What to do —
Below are records to be transcribed exactly; any pictures should be left out.

(Data shown Opens)

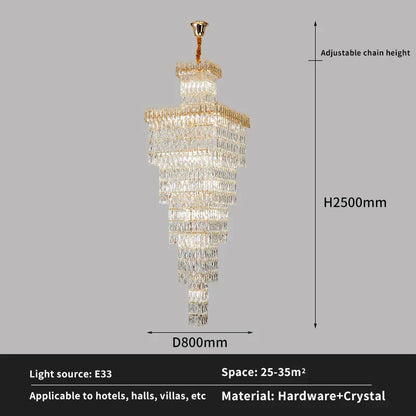 DecorBites™ Crystal Luxe Living Room Chandelier - Modern & Elegant Hall Staircase Lighting
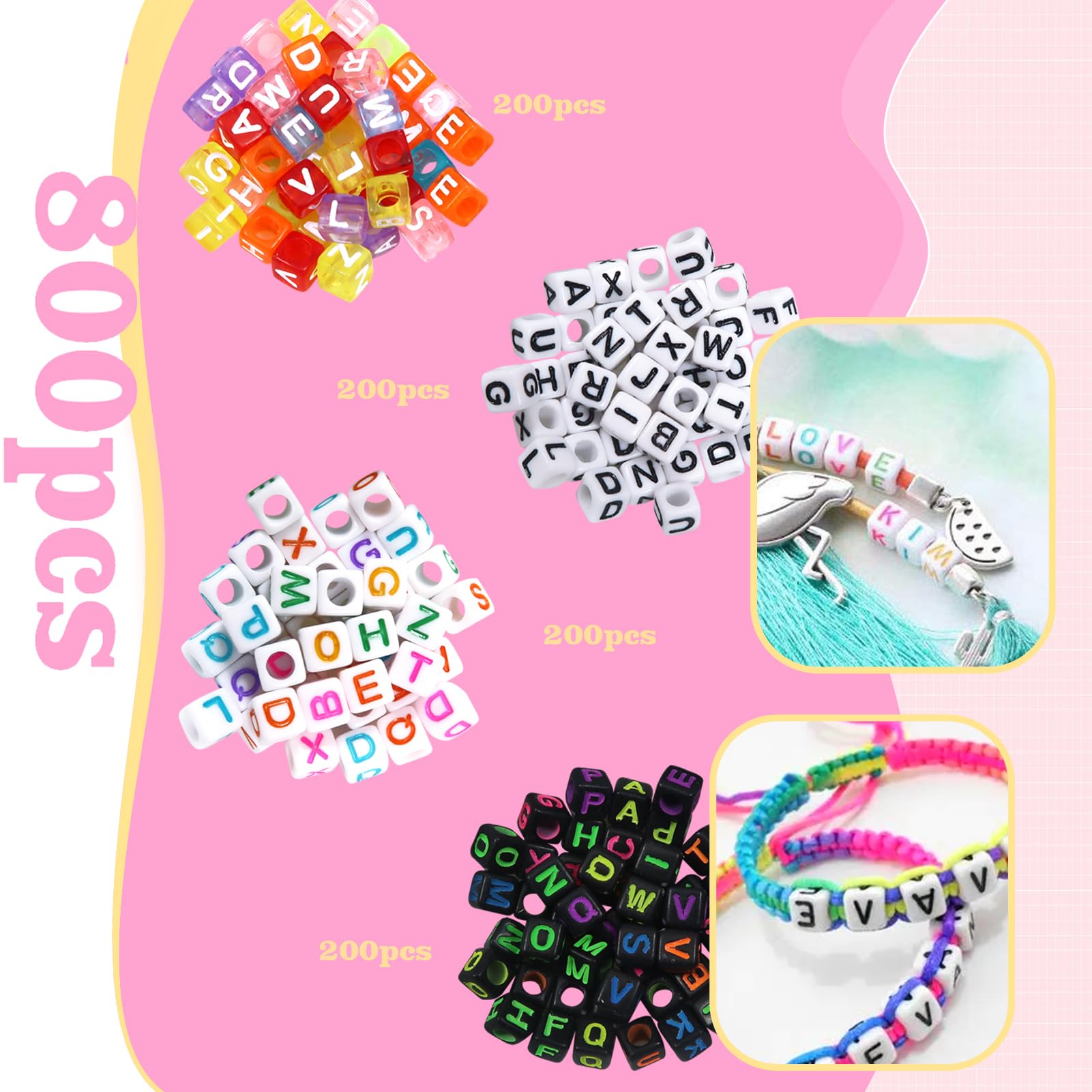 Perline Lettere TOAOB 800 Pezzi - Cubi Acrilici 6mm Per Braccialetti Fai Da Te | Con Filo Elastico - Foto 10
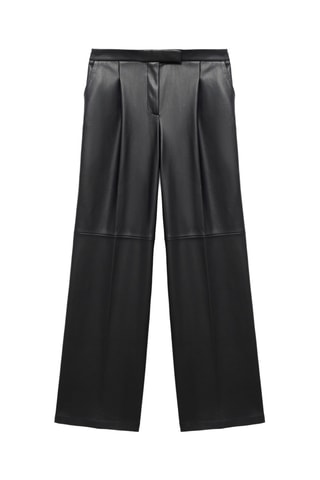 Pantalon large en cuir synthétique - Noir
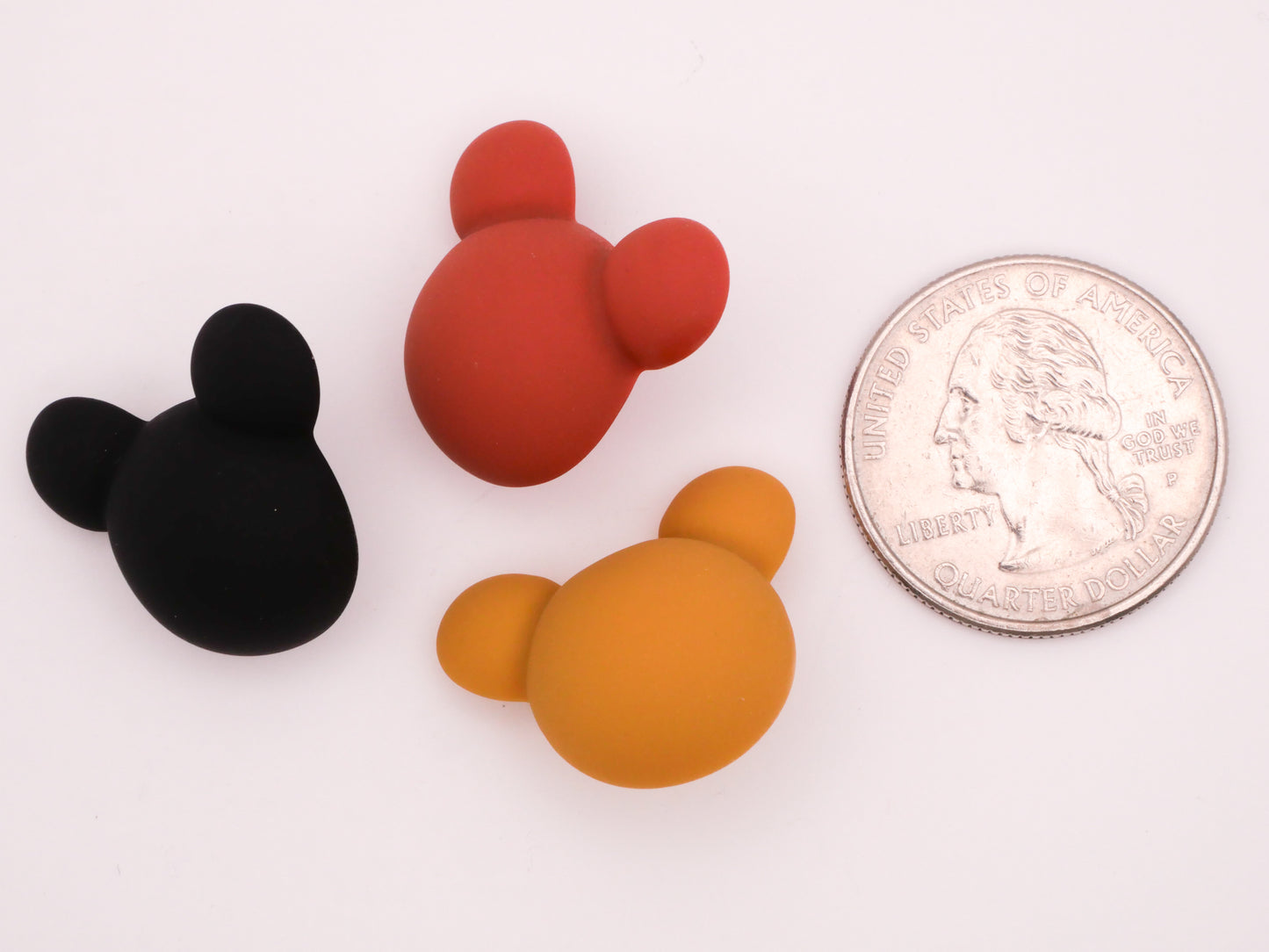 Mickey Mouse Black Rust Mustard Soft Plastic Set of Three Buttons 20x24mm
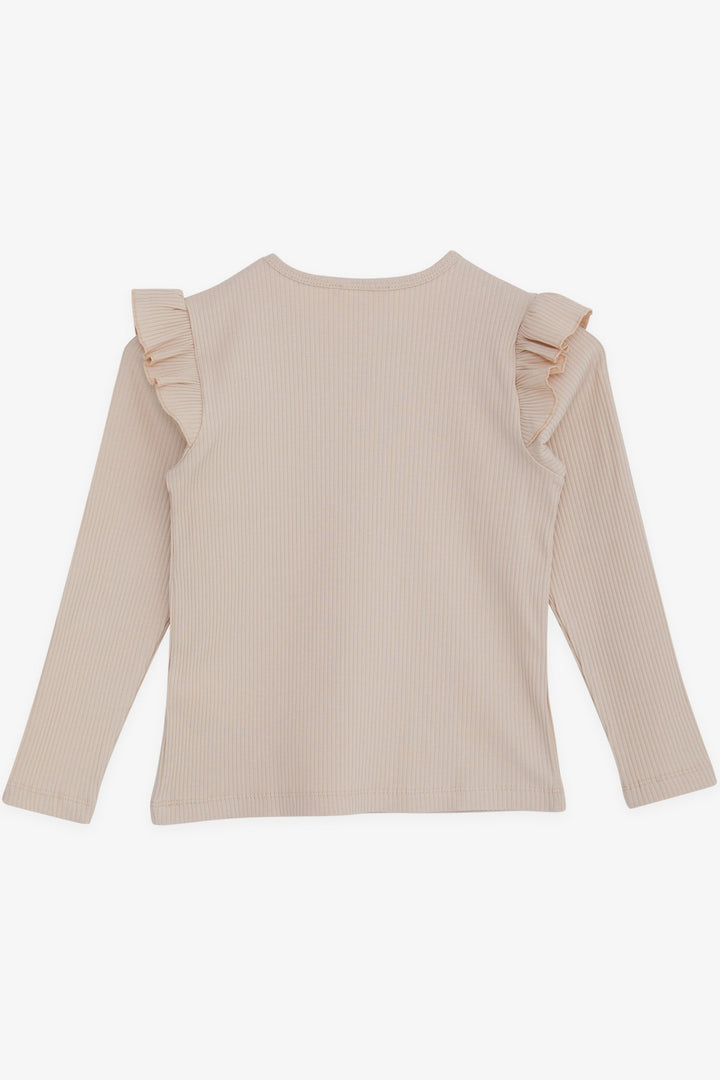 BRE Breeze Girl's Long Sleeve Blouse with Frills, 84 Years, Beige - Evere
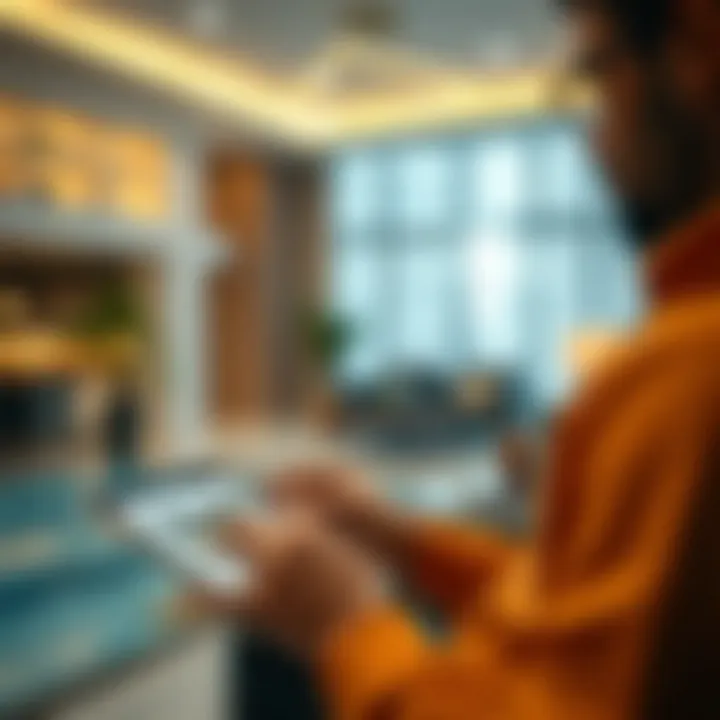 An individual browsing real estate listings on a digital device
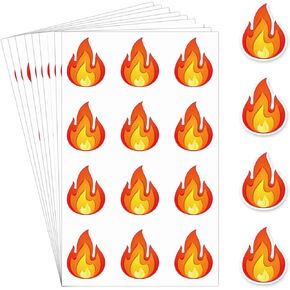 Fulmoon 300 Pcs Fire Vinyl Stickers Waterproof Fire Flame Stickers Flame Labels Decals for Adult Scrapbooking Decoration Art Craft Supplies, 1.18 x 0.91 Inches Each Piece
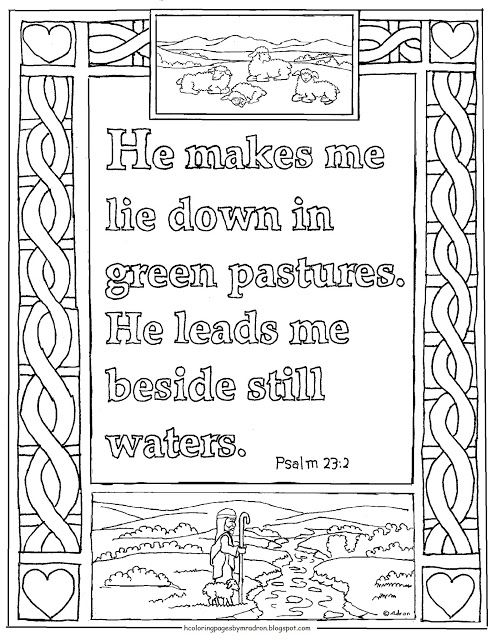 Coloring pages for kids by mr adron printable psalm coloring page green pastures and stilâ bible verse coloring page sunday school coloring pages psalms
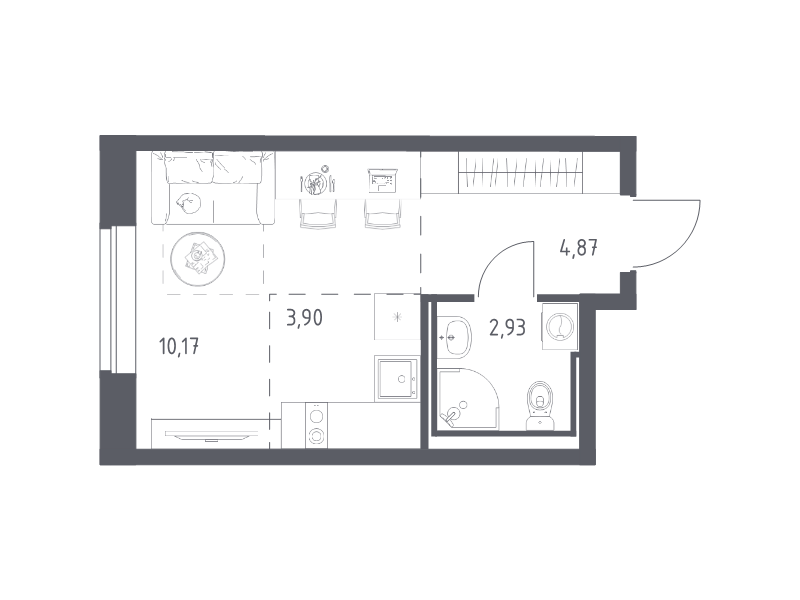 Квартира-студия, 21.87 м² в ЖК "Живи! В Рыбацком" - планировка, фото №1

(Data shown Closes)

Answer for the task —
 DecorBites™ Crystal Luxe Living Room Chandelier - Modern & Elegant Hall Staircase Lighting
 Perline Lettere TOAOB 800 Pezzi - Cubi Acrilici 6mm Per Braccialetti Fai Da Te | Con Filo Elastico - Foto 10
 Pantalon large en cuir synthétique - Noir
 Mickey Mouse Black Rust Mustard Soft Plastic Set of Three Buttons 20x24mm
 BRE Breeze Girl's Long Sleeve Blouse with Frills, 84 Years, Beige - Evere
 An individual browsing real estate listings on a digital device
 Fulmoon 300 Pcs Fire Vinyl Stickers Waterproof Fire Flame Stickers Flame Labels Decals for Adult Scrapbooking Decoration Art Craft Supplies, 1.18 x 0.91 Inches Each Piece
 Coloring pages for kids by mr adron printable psalm coloring page green pastures and stilâ bible verse coloring page sunday school coloring pages psalms
 Квартира-студия, 21.87 м² в ЖК "Живи! В Рыбацком" - планировка, фото №1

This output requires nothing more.